Indexes and indexes entries limits in Google App Engine Datastore - database

I'm having some problem in understanding how indexes work in GAE Datastore, in particular somthing really unclear to me are the limits related to indexes.
For what I understood one can create some custom indexes in the datastore-indexes.xml file and additionally the Datastore will generate some automatic indexes to match the user queries.
A first question is: the "Number of indexes" quota limit defined in the quotas page (https://cloud.google.com/appengine/docs/quotas#Datastore) is referred only to the custom indexes defined in datastore-indexes.xml, or it applies also to indexes automatically generated?
Another concept eluding me is the "index entry for a single query".
Assume I don't have multi-dimensional properties (i.e. not lists) and I have some entities of kind "KindA". Then I define two groups of entity properties:
- Group1: properties with arbitray name and boolean value
- Group2: properties with arbitray name and double value
In my world any KindA entity can have at most N properties of Group1 and N properties of Group2. For any property P an index table is created and each entity having that P set will add a row in the P index table (right?). Thus initially any KindA entity will have 1 entry for each of the max. 2N properties (thus in total max 2N index entries per entity) right?
If this is correct than it follows that I can create an entity with a limited number of properties, however this is strange since I 've always read that an entity can have unlimited properties...(without taking in account the size limit).
However let assume now that my application allows users to query for KindA entities using an arbitrarly long sequence of AND filters on properties of Group1 (boolean one). Thus one can query something like:
find all entities in KindA where prop1=true AND prop2=true ... AND propM = true
This is a situation in which query only contains equalities and thus no custom indexes are required (https://cloud.google.com/appengine/docs/python/datastore/indexes#Index_configuration).
But what if I want to order using properties of GroupB ? In this case I need an index for any different query right (different in terms of combination of filtering properties names)?
In my developmnet server I tried without specifying any custom index and GAE generates them for me (however any time I restart previous generated indexes get removed). In this case how many index entries does a signle KindA entity have in a single query index? I say 1 because of what GAE docs says:
The property may also be included in additional, custom indexes declared in your index configuration file (index.yaml). Provided that an entity has no list properties, it will have at most one entry in each such custom index (for non-ancestor indexes) or one for each of the entity's ancestors (for ancestor indexes)
Thus in theory if N is limited I'm safe with respect to the "Maximum number of index entries for an entity" (https://cloud.google.com/appengine/docs/java/datastore/#Java_Quotas_and_limits) is it right?
But what about receiving over 200 different queries? does it leads GAE to automatically generate over 200 custom indexes (one for distinct query)? If yes, do these indexes automatically generate influence the Indexes number limit (which is 200) ?
If yes, then it follows that I can't let user do this (IMHO very basic) queries. Am I misunderstanding something?
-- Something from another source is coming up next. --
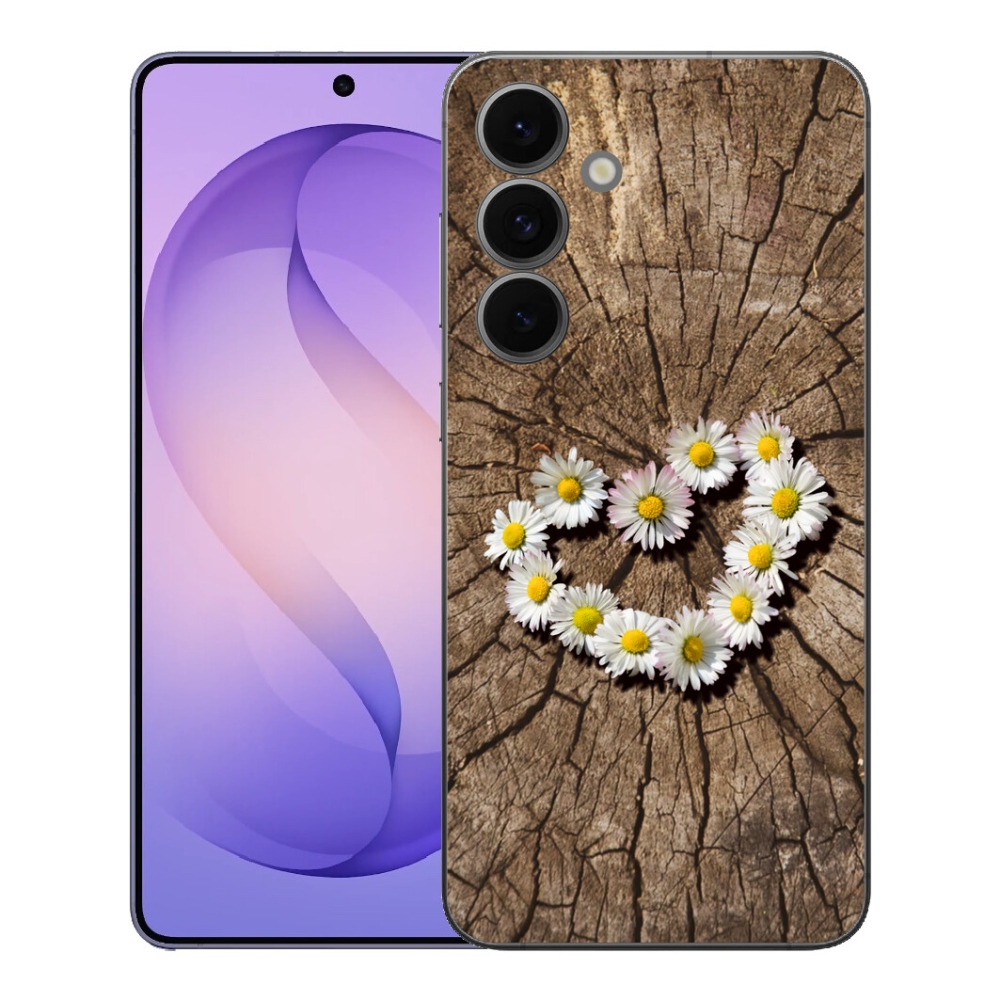 Gélový kryt mmCase na Samsung Galaxy S26 FE - srdce z margaréty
first of all I was trying to understand your question which I find difficult to follow.
The 200 index limit only counts towards the indexes you (or are define for you automatically by the devappserver) define by using queries. This means that the indexes that will be created alone for your indexed properties are not counted towards this limit.
Your are correct in the 2N automatic indexes created for every indexed property.
You can have any number of properties indexed in any entity as long as you don't get over the 1MB limit per entity. But.. this really depends on the content of the properties stored.
For the indexes created for you on your indexed properties... you don't really have an actual limit rather than an increasing cost as your writes and storage per entity put will increase for each added property.
When using sort orders, you are limited to one sort order when using automatic indexes. More sort orders will require a composite index (your custom index). Thus if you are already using an equality filter you need anyway a custom index.
So, yes, on your example the devapp server will create a composite index for each query you will be executing. However you can reduce this indexes manually by deleting the ones not needed. The query planner can use query time to find your results by merging different indexes as explained here:
https://cloud.google.com/appengine/articles/indexselection
Yes, every index definition on your index.yaml will count towards the 200 limit.
I find out that you really don't use composite indexes too much when you know how gae apps can be programmed. You need to balance what users need to do and what not. And also balance between doing query side job, or just query all and filter by code (it really depends on how many max entities you can have in that particular kind).
However, if your trying to do some complex queries available to your users then maybe the datastore is not the choice.

Related

Datastore efficiency, low level API

Every Cloud Datastore query computes its results using one or more indexes, which contain entity keys in a sequence specified by the index's properties and, optionally, the entity's ancestors. The indexes are updated incrementally to reflect any changes the application makes to its entities, so that the correct results of all queries are available with no further computation needed.
Generally, I would like to know if
datastore.get(List<Key> listOfKeys);
is faster or slower than a query with the index file prepared (with the same results).
Query q = new Query("Kind")(.setFilter(someFilter));
My current problem:
My data consists of Layers and Points. Points belong to only one unique layer and have unique ids within a layer. I could load the points in several ways:
1) Have points with a "layer name" property and query with a filter.
- Here I am not sure whether the datastore would have the results prepared because as the layer name changes dynamically.
2) Use only keys. The layer would have to store point ids.
KeyFactory.createKey("Layer", "layer name");
KeyFactory.createKey("Point", "layer name"+"x"+"point id");
3) Use queries without filters: I don't actually need the general kind "Point" and could be more specific: kind would be ("layer name"+"point id")
- What are the costs to creating more kinds? Could this be the fastest way?
Can you actually find out how the datastore works in detail?
faster or slower than a query with the index file prepared (with the same results).
Fundamentally a query and a get by key are not guaranteed to have the same results.
Queries are eventually consistent, while getting data by key is strongly consistent.
Your first challenge, before optimizing for speed, is probably ensuring that you're showing the correct data.
The docs are good for explaining eventual vs strong consistency, it sounds like you have the option of using an ancestor query which can be strongly consistent. I would also strongly recommend avoiding using the 'name' - which is dynamic - as the entity name, this will cause you an excessive amount of grief.
Edit:
In the interests of being specifically helpful, one option for a working solution based on your description would be:
Give a unique id (a uuid probably) to each layer, store the name as a property
Include the layer key as the parent key for each point entity
Use an ancestor query when fetching points for a layer (which is strongly consistent)
An alternative option is to store points as embedded entities and only have one entity for the whole layer - depends on what you're trying to achieve.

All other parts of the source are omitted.